É importante a presença de pia para a higienização de mãos, com sabão, escova para unhas, toalha descartável e lixeira de pedal8. Observamos que somente 54% dos serviços oferecem estrutura e condições adequadas para a higienização das mãos dos funcionários. É obrigatório a utilização de uniforme completo nas dependências do SND, contendo avental, gorro, máscara e sapato fechado8. Essa recomendação foi constatada em todos os hospitais.
O serviço de lavanderia é um dos setores de apoio a atividades assistenciais, responsável pelo processamento da roupa e sua distribuição em perfeitas condições de higiene e conservação em quantidade adequada a todas as unidades do hospital4.

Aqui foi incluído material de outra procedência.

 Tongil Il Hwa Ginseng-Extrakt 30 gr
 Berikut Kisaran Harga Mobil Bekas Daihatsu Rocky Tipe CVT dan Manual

Ao se organizar uma lavanderia, todo o seu funcionamento deve estar descrito em manual de orientação, este manual deve conter a especificação de cada atividade, a estrutura hierárquica, normas e rotinas, mostrando claramente a execução e organização do trabalho4. O estudo revelou que 67% dos hospitais possuem normas e rotinas escritas para o processamento da roupa.
A coleta da roupa suja deve ocorrer de forma a minimizar a contaminação do ambiente e das pessoas que a manipulam. As roupas devem ser adequadamente acondicionadas em sacos de tecido fechados e colocados em local destinado a esse fim, em caso daquelas contaminadas com fluídos corpóreos, preferencialmente, são indicados sacos plásticos8. Encontramos todos os serviços recolhendo a roupa suja em sacos de tecidos bem fechados e 78% acondicionam as roupas contaminadas em sacos plásticos, devidamente separados e identificados.
O transporte da roupa suja e limpa deve ser feito em carro de uso exclusivo e fechado, devidamente identificado evitando o cruzamento dos dois tipos de roupa a fim de garantir segurança adequada ao funcionário e ao ambiente sem contaminação dos mesmos8. Verificamos que 78% dos serviços transportam a roupa suja em carros fechados, separados da roupa limpa, que em 67% dos locais também é protegida e transportada em carrinho fechado.
A principal medida introduzida na moderna lavanderia hospitalar, para o controle das infecções, foi a instalação da barreira de contaminação, que separa a lavanderia em dois espaços distintos, as áreas suja e limpa4. Encontramos 89% dos serviços apresentando esta separação física na sua estrutura.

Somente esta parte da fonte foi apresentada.